Benjamin’s pursuit of the man in the photo, the homunculus Isidoro Gomez, takes us to the film’s central stylistic set piece, an insanely ostentatious foot chase through a packed football stadium. The manner in which Campanella and cinematographer Félix Monti shoot this clearly CGI-assisted, ornate long take—starting from what seems like more than 1,000 feet in the sky, descending upon the brightly lit arena, until finally spotting Benjamin and his partner Pablo (Guillermo Francella) in the bleachers, then joining them in the crowd as they spot their elusive prey and track him down through a sea of bobbing, weaving heads— seems not only meant to elicit how’d-they-do-that wows from the audience (at the very least, now we know what a Gaspar Noé–directed version of Invictus would look like) but also, and more to the point, to wash away memories of the cripplingly ludicrous plot rationale that got them there in the first place. In the prior scene, Pablo, a tiresome, bumbling drunk, regales a barroom full of soused patrons with a supposedly revealing (and endless) treatise on men’s personal passions. What is it that brings men together above all else?, he muses to Benjamin, who has reached a dead-end in his tracking down of Isidoro. Why, it’s soccer! Cut to Benjamin and Pablo, needles in a haystack of screaming male sports fans, Isidoro easily identified among them.

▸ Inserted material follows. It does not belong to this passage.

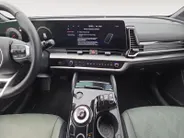 Kia Sportage 1.6 T-GDi Hybrid Dark Edition | Camera | Carplay | Cruise Control Adaptief | Stoelverwarming voor en achter | Full Option |Trekhaak| Fabrieksgarantie t/m 5-2031 |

Penis Isidoro hath. And lest we forget that fact, in the very next scene he whips it out. Back in Benjamin’s offices, the twitching and clearly guilty-of-something Isidoro is tricked into a confession via some highly questionable methods, which include Irene impugning his manhood by calling him a “twinkie”; to prove he’s no lightweight, and that, yes, he’s capable of a formidable raping, Isidiro introduces his sizable, flaccid member to Irene and Benjamin. Goal! Unfortunately, there’s still over an hour left, and years of overwrought political corruption, minor personal tragedies, and bogus ruminations on justice to go before we sleep. There’s also Benjamin and Irene’s tremulous non-romance, obstructed not only by their own class differences and emotional hesitancy but also ugly handheld cinematography that sometimes rudely covers their faces with foregrounded lamps. Oh, and in between, Benjamin apparently marries. His wife remains unseen and their entire relationship is shrugged off in one sentence (“It didn’t work out”) meant to inspire heartbreak but only results in one more female character not given a voice.